Data:
======
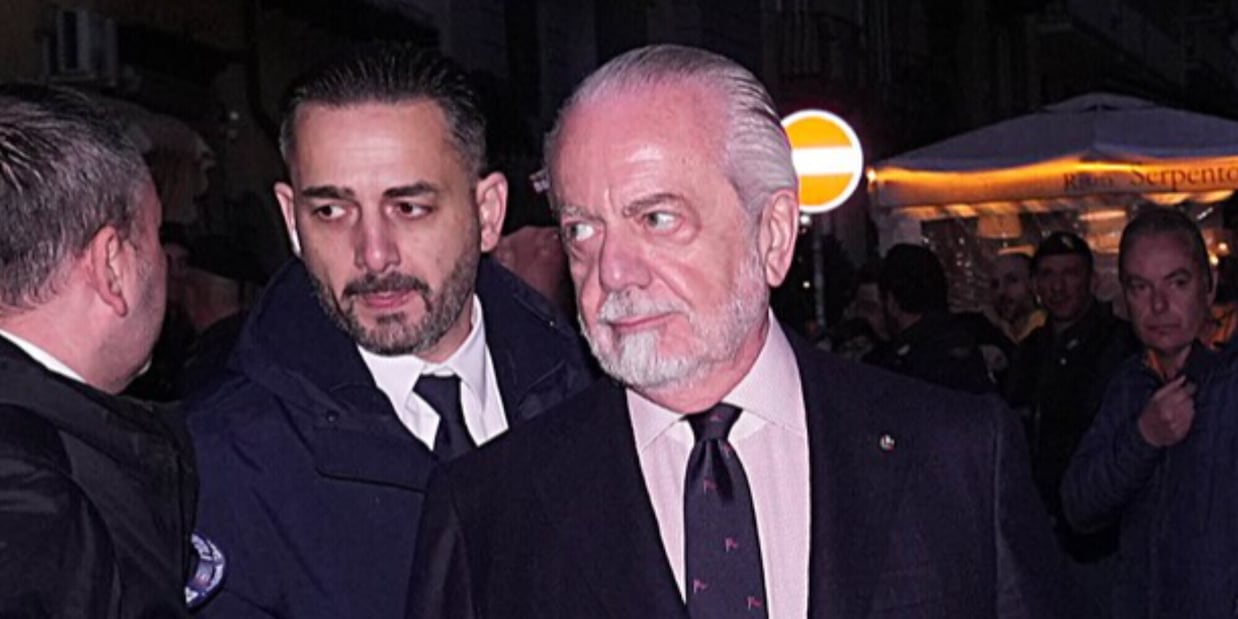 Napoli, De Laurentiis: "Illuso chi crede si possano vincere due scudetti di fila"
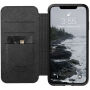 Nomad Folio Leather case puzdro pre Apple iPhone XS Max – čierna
======
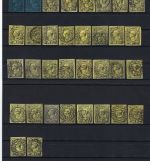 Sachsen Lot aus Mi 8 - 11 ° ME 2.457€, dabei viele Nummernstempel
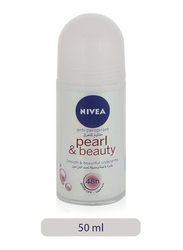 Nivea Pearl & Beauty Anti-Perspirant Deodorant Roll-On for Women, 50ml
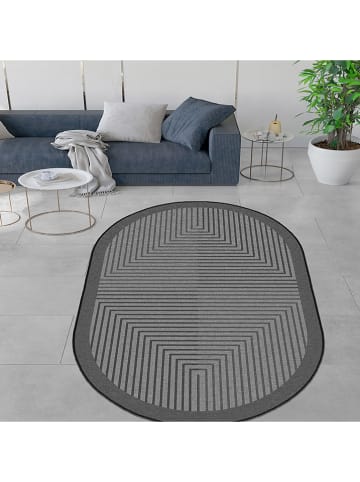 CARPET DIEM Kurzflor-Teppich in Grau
======
Work request: Reproduce exactly the lines of the data above that run from the line with "Sachsen Lot aus" down to the line with "CARPET DIEM Kurzflor-Teppich in Grau", both ends included. Pictures do not belong in the copy.

Your solution:
 Sachsen Lot aus Mi 8 - 11 ° ME 2.457€, dabei viele Nummernstempel
 Nivea Pearl & Beauty Anti-Perspirant Deodorant Roll-On for Women, 50ml
 CARPET DIEM Kurzflor-Teppich in Grau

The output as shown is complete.